In working to address the top priorities of the UK Rare Disease Framework, the Welsh government has commissioned a two-year pilot programme to establish SWAN clinics. These will be provided by Cardiff and Vale University Health Board and will work using genetic and other diagnostic approaches and where possible to direct this information to improve treatment. The team will also include a nursing care coordinator to aim help patients navigate the often multiple health professionals needed for their care.
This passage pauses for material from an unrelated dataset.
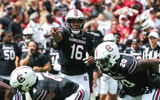 south carolina gamecocks qb lanorris sellers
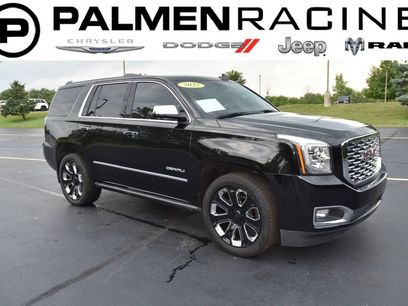 Used 2020 GMC Yukon Denali w/ Denali Ultimate Black Edition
There are both adult and paediatric SWAN clinics. The adult SWAN clinic is led by Professor Stephen Jolles and Dr Ian Tully (Consultant Medical Genetics, All Wales Medical Genomics Service) and the paediatric SWAN by Dr Jennifer Evans and Dr Jennifer Gardner. The Adult SWAN clinic is inviting referrals of adults who have the involvement of two or more systems from the following list: cardiology, respiratory, gastroenterology/hepatology, metabolic, endocrinology, nephrology, haematology, rheumatology, immunology, dermatology, growth disturbance, mental health or other; and who are suspected of having a unifying underlying diagnosis. Patients and their families should be informed of the referral, and the patient will remain in the care of the referring lead clinician.

The goal is to shorten the diagnostic odyssey, improve coordination of care and access to specialist care and increase rare disease awareness among healthcare professionals.